La menace terroriste persiste dans le Sud-Ouest
Le guet-apens ayant entraîné la mort, avant-hier, du commandant de l’unité de défense de l’aéroport de Wawa, au Sud-Ouest libyen, a provoqué la colère des institutionnels de l’armée libyenne de Haftar dont relève la victime. Cette dernière n’attendait qu’un alibi pour déclencher une campagne contre les groupes armés terroristes de tous bords, ayant choisi pour base la région d’El Hrouj et des montagnes volcaniques noires, au milieu du Sahara libyen et éloigné de tout pouvoir.
L’Armée nationale libyenne a décidé de lancer une 2e purge contre les groupes terroristes du Sud-Ouest après celle de 2019, épaulée alors par les Français qui avaient peur pour leurs bases au Niger. Les groupes terroristes, faisant d’habitude profil bas dans leurs bases au milieu du Sahara libyen, sont montés au créneau, en orchestrant juin courant une opération suicidaire contre un barrage de police aux portes de la ville de Sebha, entraînant la mort de deux lieutenants de la police.
Une semaine plus tard, alors que le commandant de la sécurité à l’aéroport de Wawa, à l’est de Sebha, ratissait derrière les terroristes de l’attaque du 7 juin, il fut l’objet d’un guet-apens mortel, déclenchant la colère de l’armée. Mais, «la mission de l’armée ne sera pas facile, à moins d’une aide de reconnaissance de l’aviation française», souligne le politologue Abdessattar Hatita, expert des groupes terroristes en Libye.
La spécificité de cette nouvelle guerre, selon le politologue, c’est que les groupes terroristes sont dissimulés sur une grande superficie, s’étalant le long du Sahara sur les frontières tunisiennes, algériennes, nigériennes, tchadiennes et soudanaises. Il s’agit d’une superficie avoisinant les 800 000 kilomètres carrés, une fois et demie la France. En plus, ces groupes sont en étroite collaboration avec les tribus autochtones, leurs complices dans les réseaux de contrebande et d’immigration clandestine dans la zone. Les terroristes connaissent mieux le terrain que l’armée. Il est également utile de rappeler qu’après la campagne de janvier 2019, l’armée libyenne de Haftar n’a pas réalisé les promesses qu’elle avait faites à l’adresse de la population locale, en matière d’approvisionnement régulier en eau et en énergie, explique le politologue Hatita pour justifier l’élan des autochtones, plutôt favorable aux terroristes qu’à l’armée.
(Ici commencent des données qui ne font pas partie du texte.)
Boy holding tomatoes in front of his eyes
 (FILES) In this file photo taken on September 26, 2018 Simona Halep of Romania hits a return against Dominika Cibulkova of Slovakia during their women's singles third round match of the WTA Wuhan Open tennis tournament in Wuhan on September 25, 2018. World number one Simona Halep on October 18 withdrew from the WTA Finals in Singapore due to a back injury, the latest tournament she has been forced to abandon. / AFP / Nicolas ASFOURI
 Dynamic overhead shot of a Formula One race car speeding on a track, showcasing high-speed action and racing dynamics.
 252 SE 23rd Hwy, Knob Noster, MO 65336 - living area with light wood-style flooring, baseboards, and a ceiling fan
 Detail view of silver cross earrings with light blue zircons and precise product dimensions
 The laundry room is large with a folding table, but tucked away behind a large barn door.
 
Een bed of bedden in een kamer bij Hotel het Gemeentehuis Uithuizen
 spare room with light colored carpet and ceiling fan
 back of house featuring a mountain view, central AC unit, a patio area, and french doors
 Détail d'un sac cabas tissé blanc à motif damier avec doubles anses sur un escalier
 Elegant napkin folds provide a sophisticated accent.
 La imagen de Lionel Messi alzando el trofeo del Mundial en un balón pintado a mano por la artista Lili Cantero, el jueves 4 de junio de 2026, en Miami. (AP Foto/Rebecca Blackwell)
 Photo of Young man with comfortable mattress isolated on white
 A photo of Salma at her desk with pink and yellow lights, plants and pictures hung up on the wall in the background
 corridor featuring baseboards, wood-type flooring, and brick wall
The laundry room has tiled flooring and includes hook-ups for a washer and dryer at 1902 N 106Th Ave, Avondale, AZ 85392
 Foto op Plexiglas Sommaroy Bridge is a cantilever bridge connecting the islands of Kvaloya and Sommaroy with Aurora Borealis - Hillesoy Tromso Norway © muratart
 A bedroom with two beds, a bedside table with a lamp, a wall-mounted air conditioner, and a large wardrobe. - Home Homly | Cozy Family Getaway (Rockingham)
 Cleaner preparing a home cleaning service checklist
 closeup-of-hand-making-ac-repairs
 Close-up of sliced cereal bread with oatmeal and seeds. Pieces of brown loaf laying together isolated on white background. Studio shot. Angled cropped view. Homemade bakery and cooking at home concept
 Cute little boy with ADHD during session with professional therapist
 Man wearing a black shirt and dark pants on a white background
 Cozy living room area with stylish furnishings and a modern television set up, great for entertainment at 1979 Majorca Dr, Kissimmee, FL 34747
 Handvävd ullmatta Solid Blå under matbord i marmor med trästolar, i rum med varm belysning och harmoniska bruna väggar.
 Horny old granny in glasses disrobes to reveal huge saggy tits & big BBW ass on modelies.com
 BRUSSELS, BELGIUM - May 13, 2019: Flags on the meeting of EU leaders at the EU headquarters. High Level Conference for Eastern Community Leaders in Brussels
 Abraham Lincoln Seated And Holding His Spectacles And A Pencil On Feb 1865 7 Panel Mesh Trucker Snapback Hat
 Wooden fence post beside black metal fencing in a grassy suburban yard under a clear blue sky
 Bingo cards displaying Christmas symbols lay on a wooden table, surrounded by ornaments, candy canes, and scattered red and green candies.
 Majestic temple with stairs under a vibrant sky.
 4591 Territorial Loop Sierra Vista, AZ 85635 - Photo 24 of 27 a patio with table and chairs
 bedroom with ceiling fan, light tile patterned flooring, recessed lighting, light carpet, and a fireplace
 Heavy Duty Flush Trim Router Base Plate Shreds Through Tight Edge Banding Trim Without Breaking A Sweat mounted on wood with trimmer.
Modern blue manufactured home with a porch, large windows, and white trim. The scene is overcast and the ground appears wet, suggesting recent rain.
Les groupes terroristes, de diverses origines, ont élu domicile dans cette zone repliée après leurs défaites successives, depuis 2015 à Benghazi, Syrte et Derna. Ils ont décidé d’y installer leurs bases arrière, mettant à profit les guerres de clans en Libye. Après leur déroute au Sahara en janvier 2019, ils ont repris du poil de la bête, profitant de la confrontation entre l’armée de Haftar contre les forces de Misrata autour de Tripoli, entre avril 2019 et juin 2020. Haftar ne pouvait pas se permettre de les attaquer, alors que le ravitaillement de ses troupes passe par le désert, où ces groupes sont omniprésents. Profitant de cette aubaine, les groupes armés terroristes ont développé leurs infrastructures et mis la main sur les principaux réseaux de contrebande, avec l’accord tacite des barons de ces régions.
Ces groupes sont formés de Tchadiens, Soudanais ou Libyens, fuyant leurs tribus, ou encore Tunisiens, Algériens et Egyptiens à la recherche de quiétude, suite aux revers successifs de Daesch en Libye, Irak et Syrie. Généralement inoffensifs vis-à-vis des tribus autochtones, ils opèrent néanmoins, de temps en temps, des enlèvements pour renflouer leurs caisses. Et malheureusement pour eux, la dernière attaque de Sebha est survenue alors que les Libyens se sont réconciliés entre eux et ont décidé de reconstruire leur pays. D’où cette décision rapide de faire campagne contre les groupes terroristes présents aux oasis de Jaghboub, pas loin d’El Kofra et des autres foyers actifs du terrorisme. Aux dernières nouvelles, les troupes de Haftar auraient une nouvelle fois le soutien des forces françaises de reconnaissance. Les forces libyennes de l’Ouest fermeraient les yeux comme en 2019. Il s’agit d’un ennemi commun, conclut le politologue Hatita.